• [What to work on]:
Write out, word for word, the part of the listing below that opens with the line containing "Animation showing simple" and closes with the line containing "Fall in Liebe", keeping both of those lines and adding no others.

Segment Start: Data supplied

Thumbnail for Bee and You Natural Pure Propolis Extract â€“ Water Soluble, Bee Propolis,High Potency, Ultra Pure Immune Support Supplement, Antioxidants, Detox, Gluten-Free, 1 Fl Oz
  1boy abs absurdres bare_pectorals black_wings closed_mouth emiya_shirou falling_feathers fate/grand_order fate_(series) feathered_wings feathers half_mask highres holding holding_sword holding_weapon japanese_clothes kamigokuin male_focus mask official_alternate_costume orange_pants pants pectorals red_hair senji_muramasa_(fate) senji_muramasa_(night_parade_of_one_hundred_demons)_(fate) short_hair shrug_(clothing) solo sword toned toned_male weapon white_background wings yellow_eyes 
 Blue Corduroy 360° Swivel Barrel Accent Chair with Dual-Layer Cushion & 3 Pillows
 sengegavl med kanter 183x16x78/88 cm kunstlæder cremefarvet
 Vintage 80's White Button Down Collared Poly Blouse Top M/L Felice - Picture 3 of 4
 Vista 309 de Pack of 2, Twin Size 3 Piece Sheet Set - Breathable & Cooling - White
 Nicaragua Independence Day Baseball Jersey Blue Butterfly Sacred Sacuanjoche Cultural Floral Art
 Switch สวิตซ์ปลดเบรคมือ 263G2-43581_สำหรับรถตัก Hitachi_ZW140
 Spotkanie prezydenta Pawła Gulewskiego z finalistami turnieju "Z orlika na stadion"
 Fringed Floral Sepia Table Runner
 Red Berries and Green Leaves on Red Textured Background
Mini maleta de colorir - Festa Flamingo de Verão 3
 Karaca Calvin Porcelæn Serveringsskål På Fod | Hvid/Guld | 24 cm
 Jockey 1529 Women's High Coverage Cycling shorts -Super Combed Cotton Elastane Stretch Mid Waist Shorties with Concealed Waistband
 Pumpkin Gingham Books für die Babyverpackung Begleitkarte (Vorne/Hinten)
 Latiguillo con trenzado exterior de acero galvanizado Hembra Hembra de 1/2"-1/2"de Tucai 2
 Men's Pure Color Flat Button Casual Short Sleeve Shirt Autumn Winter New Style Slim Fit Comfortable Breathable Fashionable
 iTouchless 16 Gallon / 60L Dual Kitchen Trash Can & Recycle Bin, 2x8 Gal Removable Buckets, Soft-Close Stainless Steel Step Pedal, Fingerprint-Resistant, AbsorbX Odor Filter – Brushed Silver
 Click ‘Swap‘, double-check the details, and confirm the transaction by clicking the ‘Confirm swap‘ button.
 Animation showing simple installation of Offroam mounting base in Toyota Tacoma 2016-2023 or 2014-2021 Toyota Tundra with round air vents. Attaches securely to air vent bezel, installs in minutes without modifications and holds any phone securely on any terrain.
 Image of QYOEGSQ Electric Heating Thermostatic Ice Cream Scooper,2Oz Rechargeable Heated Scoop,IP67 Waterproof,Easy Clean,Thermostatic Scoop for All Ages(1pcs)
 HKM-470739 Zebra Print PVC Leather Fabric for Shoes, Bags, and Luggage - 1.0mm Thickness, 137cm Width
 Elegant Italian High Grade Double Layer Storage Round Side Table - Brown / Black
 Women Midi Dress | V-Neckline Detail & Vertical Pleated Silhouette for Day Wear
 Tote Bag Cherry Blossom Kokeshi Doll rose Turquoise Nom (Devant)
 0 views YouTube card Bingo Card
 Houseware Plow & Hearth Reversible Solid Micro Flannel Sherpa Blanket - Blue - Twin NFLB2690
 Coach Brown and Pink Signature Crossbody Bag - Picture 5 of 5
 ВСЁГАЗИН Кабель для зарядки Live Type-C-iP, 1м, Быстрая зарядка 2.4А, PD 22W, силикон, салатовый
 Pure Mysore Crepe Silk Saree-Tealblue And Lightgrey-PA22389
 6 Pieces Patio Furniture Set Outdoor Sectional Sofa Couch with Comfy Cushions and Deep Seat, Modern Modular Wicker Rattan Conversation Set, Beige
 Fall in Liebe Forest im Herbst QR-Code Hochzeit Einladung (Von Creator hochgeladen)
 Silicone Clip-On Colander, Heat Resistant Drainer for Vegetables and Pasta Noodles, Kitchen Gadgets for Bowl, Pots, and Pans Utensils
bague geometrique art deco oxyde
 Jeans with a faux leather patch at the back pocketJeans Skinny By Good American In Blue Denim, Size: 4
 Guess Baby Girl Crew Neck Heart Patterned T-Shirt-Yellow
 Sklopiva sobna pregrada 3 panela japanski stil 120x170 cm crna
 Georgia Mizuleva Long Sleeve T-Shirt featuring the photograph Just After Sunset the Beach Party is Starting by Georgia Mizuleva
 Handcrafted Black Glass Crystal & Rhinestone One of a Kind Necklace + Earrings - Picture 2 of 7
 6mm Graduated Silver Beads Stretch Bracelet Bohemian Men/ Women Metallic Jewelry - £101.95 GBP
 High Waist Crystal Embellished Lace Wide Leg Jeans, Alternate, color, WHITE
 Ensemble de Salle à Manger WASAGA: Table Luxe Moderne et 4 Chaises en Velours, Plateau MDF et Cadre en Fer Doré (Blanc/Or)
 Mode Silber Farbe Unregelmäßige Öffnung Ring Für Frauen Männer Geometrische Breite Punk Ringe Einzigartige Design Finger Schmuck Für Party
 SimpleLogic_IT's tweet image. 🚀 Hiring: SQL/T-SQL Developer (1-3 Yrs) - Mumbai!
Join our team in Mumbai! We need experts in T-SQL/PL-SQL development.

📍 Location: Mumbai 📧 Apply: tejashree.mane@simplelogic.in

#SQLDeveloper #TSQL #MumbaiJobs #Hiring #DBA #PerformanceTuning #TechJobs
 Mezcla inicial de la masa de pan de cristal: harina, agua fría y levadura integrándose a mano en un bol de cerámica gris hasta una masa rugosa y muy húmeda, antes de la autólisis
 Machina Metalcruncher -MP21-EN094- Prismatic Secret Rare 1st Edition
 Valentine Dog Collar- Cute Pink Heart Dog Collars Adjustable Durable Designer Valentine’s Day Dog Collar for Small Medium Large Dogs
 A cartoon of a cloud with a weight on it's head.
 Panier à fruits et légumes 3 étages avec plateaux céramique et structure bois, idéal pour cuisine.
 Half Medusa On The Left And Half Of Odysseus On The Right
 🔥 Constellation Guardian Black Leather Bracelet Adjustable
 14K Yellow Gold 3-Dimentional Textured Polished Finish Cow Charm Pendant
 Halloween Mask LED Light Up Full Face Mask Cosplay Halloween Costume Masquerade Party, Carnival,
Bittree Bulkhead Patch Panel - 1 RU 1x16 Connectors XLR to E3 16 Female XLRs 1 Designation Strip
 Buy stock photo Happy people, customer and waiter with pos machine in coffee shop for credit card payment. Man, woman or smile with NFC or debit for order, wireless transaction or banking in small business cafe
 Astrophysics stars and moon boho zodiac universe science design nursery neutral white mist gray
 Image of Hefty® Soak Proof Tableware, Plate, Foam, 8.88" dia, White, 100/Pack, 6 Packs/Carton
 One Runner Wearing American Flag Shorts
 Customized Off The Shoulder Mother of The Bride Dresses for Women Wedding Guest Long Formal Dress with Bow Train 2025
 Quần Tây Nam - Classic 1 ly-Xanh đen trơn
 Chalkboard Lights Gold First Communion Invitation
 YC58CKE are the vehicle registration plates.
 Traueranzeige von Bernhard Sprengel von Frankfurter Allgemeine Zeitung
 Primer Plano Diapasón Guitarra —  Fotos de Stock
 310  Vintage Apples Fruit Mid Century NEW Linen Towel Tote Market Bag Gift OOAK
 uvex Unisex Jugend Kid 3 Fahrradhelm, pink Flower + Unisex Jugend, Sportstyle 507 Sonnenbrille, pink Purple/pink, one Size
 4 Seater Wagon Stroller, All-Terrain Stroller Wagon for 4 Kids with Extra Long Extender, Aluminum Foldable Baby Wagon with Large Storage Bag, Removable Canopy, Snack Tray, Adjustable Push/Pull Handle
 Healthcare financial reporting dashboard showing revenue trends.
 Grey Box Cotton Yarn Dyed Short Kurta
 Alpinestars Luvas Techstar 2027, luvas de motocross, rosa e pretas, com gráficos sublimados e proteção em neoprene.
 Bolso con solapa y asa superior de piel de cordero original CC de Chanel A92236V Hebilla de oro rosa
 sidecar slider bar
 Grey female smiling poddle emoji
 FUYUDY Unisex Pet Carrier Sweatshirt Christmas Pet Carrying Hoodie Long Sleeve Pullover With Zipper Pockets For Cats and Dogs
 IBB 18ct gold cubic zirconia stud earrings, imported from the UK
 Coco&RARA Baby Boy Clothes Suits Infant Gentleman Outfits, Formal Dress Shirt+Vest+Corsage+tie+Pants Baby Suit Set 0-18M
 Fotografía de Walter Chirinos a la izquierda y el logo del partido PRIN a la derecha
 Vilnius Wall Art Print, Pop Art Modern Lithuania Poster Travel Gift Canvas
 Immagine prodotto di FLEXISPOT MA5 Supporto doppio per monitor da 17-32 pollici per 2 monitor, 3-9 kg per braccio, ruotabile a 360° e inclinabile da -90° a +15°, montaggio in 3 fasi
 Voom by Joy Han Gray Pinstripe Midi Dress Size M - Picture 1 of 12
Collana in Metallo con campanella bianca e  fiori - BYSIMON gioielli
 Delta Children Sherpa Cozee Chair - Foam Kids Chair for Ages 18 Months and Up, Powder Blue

Segment End: Data supplied

• [Answer]:
 Animation showing simple installation of Offroam mounting base in Toyota Tacoma 2016-2023 or 2014-2021 Toyota Tundra with round air vents. Attaches securely to air vent bezel, installs in minutes without modifications and holds any phone securely on any terrain.
 Image of QYOEGSQ Electric Heating Thermostatic Ice Cream Scooper,2Oz Rechargeable Heated Scoop,IP67 Waterproof,Easy Clean,Thermostatic Scoop for All Ages(1pcs)
 HKM-470739 Zebra Print PVC Leather Fabric for Shoes, Bags, and Luggage - 1.0mm Thickness, 137cm Width
 Elegant Italian High Grade Double Layer Storage Round Side Table - Brown / Black
 Women Midi Dress | V-Neckline Detail & Vertical Pleated Silhouette for Day Wear
 Tote Bag Cherry Blossom Kokeshi Doll rose Turquoise Nom (Devant)
 0 views YouTube card Bingo Card
 Houseware Plow & Hearth Reversible Solid Micro Flannel Sherpa Blanket - Blue - Twin NFLB2690
 Coach Brown and Pink Signature Crossbody Bag - Picture 5 of 5
 ВСЁГАЗИН Кабель для зарядки Live Type-C-iP, 1м, Быстрая зарядка 2.4А, PD 22W, силикон, салатовый
 Pure Mysore Crepe Silk Saree-Tealblue And Lightgrey-PA22389
 6 Pieces Patio Furniture Set Outdoor Sectional Sofa Couch with Comfy Cushions and Deep Seat, Modern Modular Wicker Rattan Conversation Set, Beige
 Fall in Liebe Forest im Herbst QR-Code Hochzeit Einladung (Von Creator hochgeladen)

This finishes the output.